Guard post building in Helsinki, Finland

The Main Guard Post (Päävartio) is a guard post building and a city block in the district of Kruununhaka in Helsinki, Finland, in connection with the Presidential Palace at Mariankatu 1. The buildings in the block mostly date from 1843. As well as the guard post building, the block includes the financial building of the Presidential building, containing offices, maintenance spaces, garages and apartments. The building is most often cited as designed by Carl Ludvig Engel, but sometimes by Eduard von Anert.

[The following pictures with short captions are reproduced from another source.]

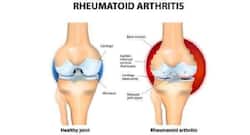 Manage your rheumatoid arthritis symptoms with these essential oils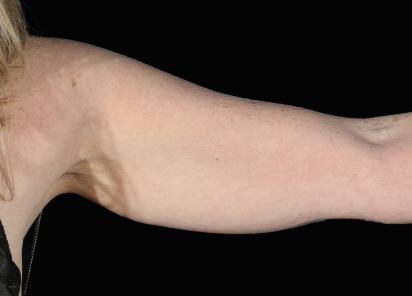 Emsculpt Neo Before & After Patient #7543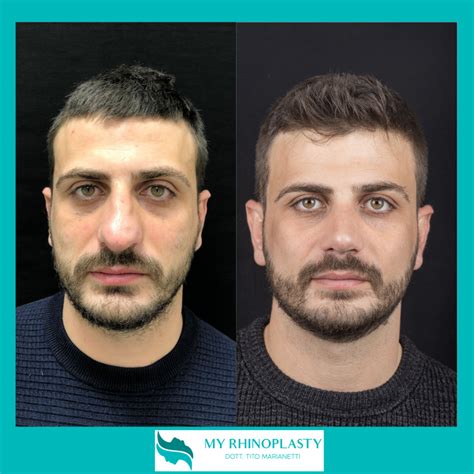 Rinoplastica Cose Da Sapere Prima Dell Intervento My Rhinoplasty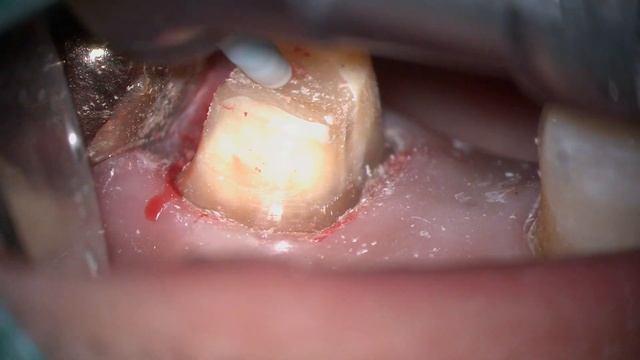 Crown Preparation Polishing,  Using KerrHawe Opticlean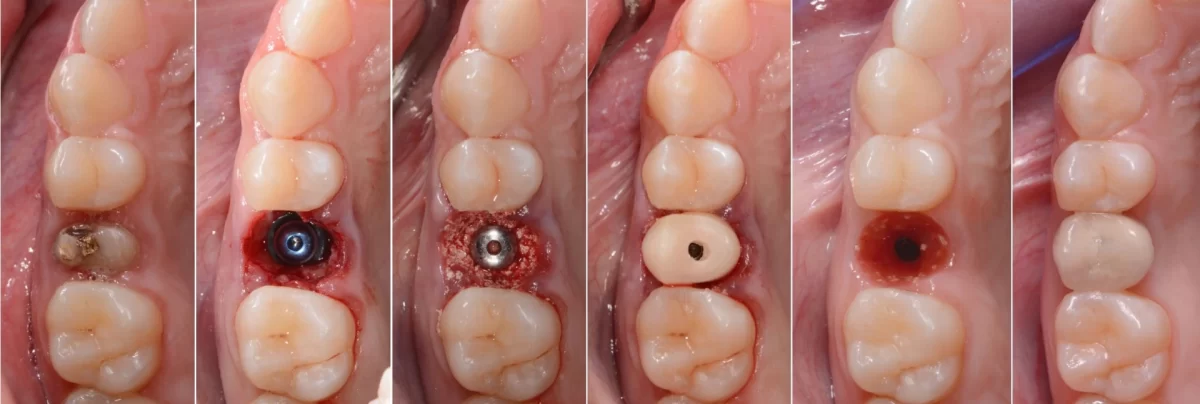 Implantes inmediatos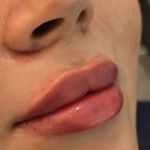 مرکز پوست و زیبایی ارمغان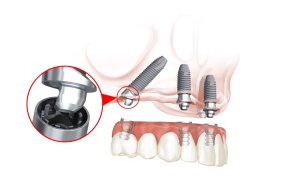 All-on-4® Dental Implants top view
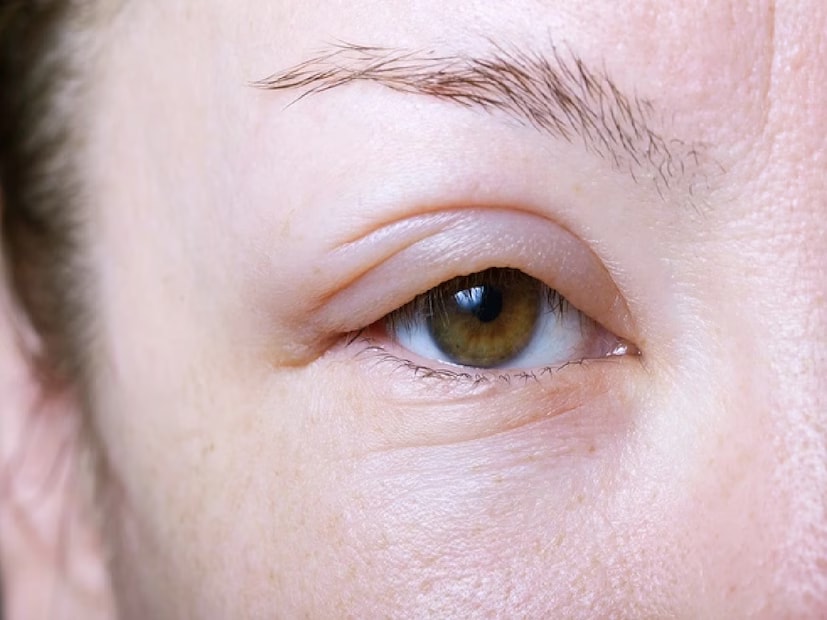 No Morning Puffiness: Many people assume morning facial puffiness is due to late nights or too much salt. While it can also be a sign that your kidneys are not filtering excess fluid and sodium effectively. (News18 Bengali) No Morning Puffiness: Many people assume morning facial puffiness is due to late nights or too much salt. While it can also be a sign that your kidneys are not filtering excess fluid and sodium effectively. (News18 Bengali)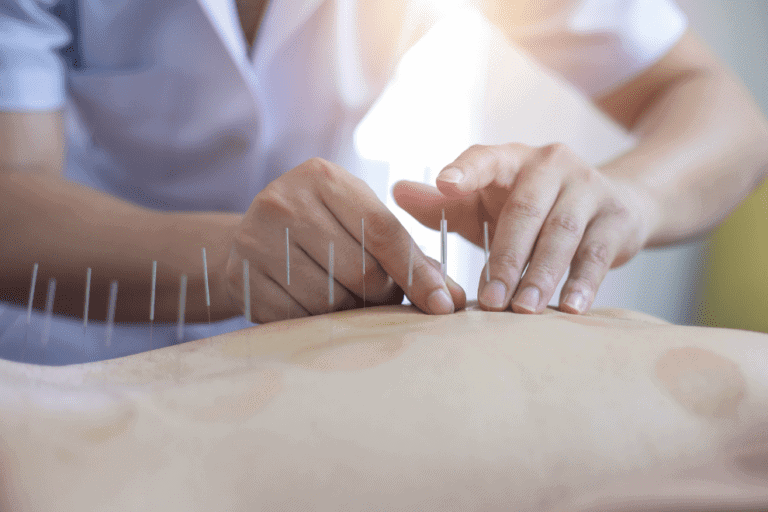 acupuntura medica sao paulo3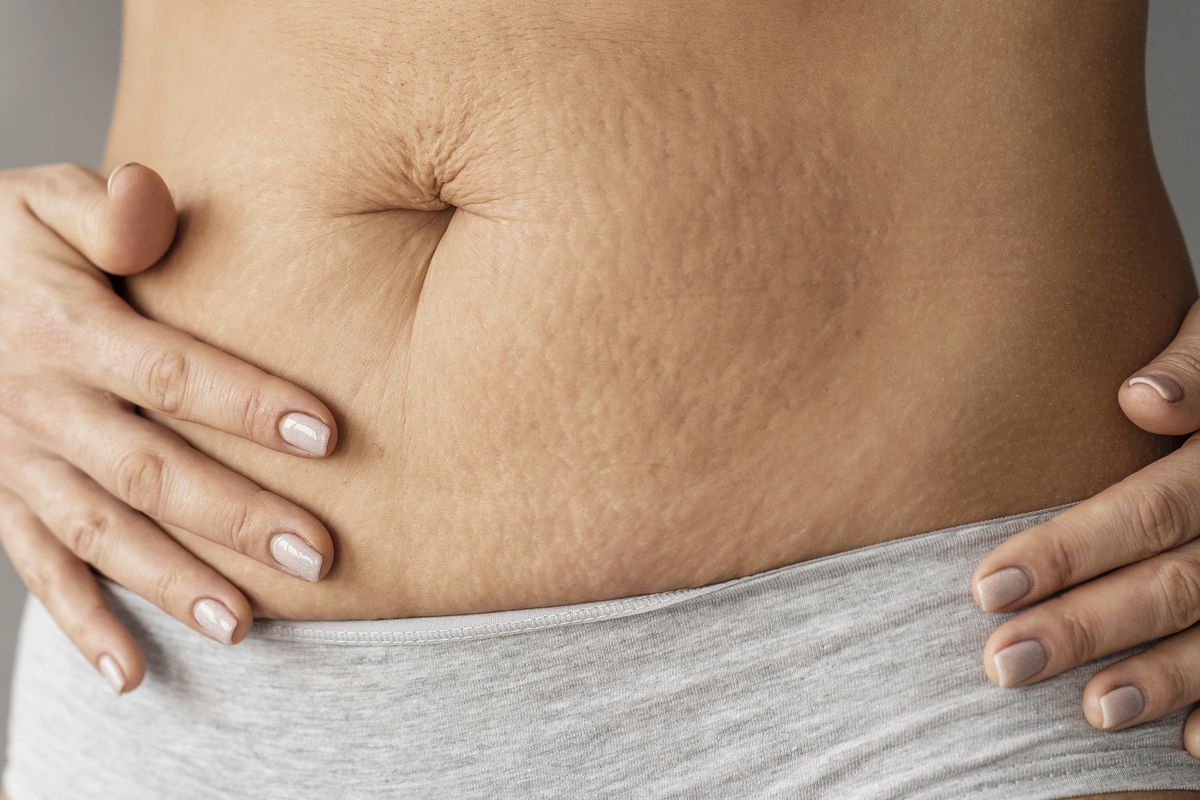 stretch mark, 7 Cara Mencegah Stretch Mark agar Tak Makin Parah, 1. Menjaga tubuh tetap terhidrasi agar kulit lebih elastis, 2. Menggunakan produk dengan kandungan centella asiatica, 3. Memakai skincare hyaluronic acid, 4. Menjaga berat badan tetap stabil, 5. Rutin berolahraga , 6. Menggunakan retinoid setelah kehamilan, 7. Mencoba microneedling 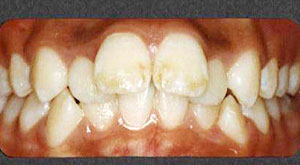 Case 2 Mouth Before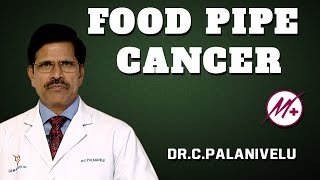 Adenocarcinoma  Food Pipe Cancer  Esophageal Cancer   DrCPalanivelu [upl. by Zetra]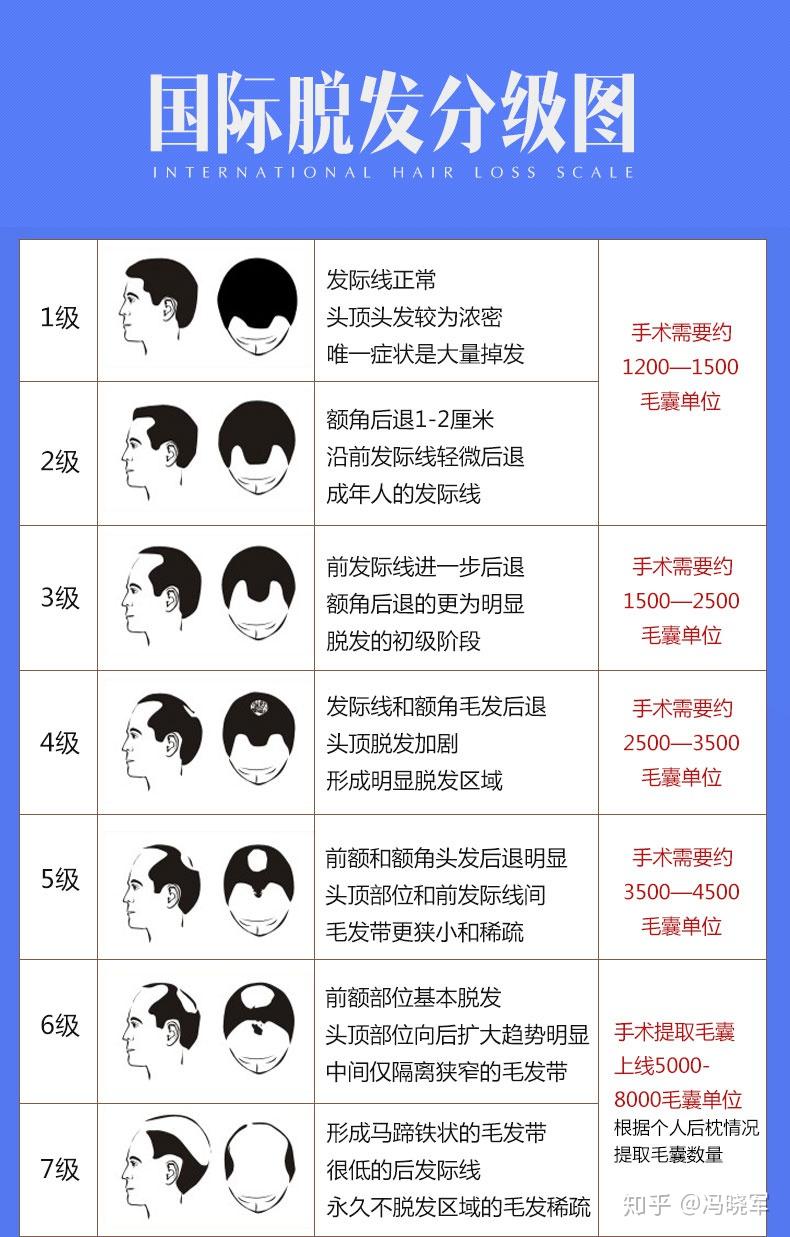 价位怎么样,秃顶坐下来得多少钱?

From 1820 to 1840 the Main Guard Post was located at the base of the Helsinki Cathedral. This former Main Guard Post building was dismantled in 1836 as it was seen that detaining prisoners, the main purpose of the Main Guard Post, was not something fit near a church.

When the Heidenstrauch house was renovated into the Imperial Palace (and later into the Presidential Palace) in 1843, the Main Guard Post was also moved in connection with it. Historically, the Main Guard Post has been the central guard post of the Helsinki garrison, acting as a post to guard the most important military targets, military behaviour and the overall situation of military targets. It has also been used to detain soldiers detained because of, for example, absence without leave or consumption of alcohol.

Both the main guard post and the financial building remain in almost their original use to this day. The main guard post hosts offices for the Helsinki garrison. The disused prison cells now serve as break rooms for the guards.

The most visible part of the Main Guard Post is the guard in front of its main entrance. Enlisted men serving as guards are selected from the military police serving in the Guard Jaeger Regiment. The guard is present at the entrance from 07:45 in the morning to 22:00 in the evening and one guard shift lasts an hour at the most, only 20 minutes in cold winter weather. During their shift, guards must stand absolutely still. Some guards have felt dizzy or even fainted during their shift. The guards carry assault rifles on their backs but these have been disabled so that they can not be actually fired. This is because of safety reasons: if someone were to steal a guard's rifle, they could not use it to fire.

During the Finnish Civil War, the Main Guard Post was one of the last bastions of the Reds in Helsinki. In 1918 the building was also used to retain political prisoners. A metal disc attached to the door of a prison cell signified the background of the prisoner: a red disc meant a political prisoner, a blue disc meant a criminal.

The building is listed on the Finnish Building Heritage Register.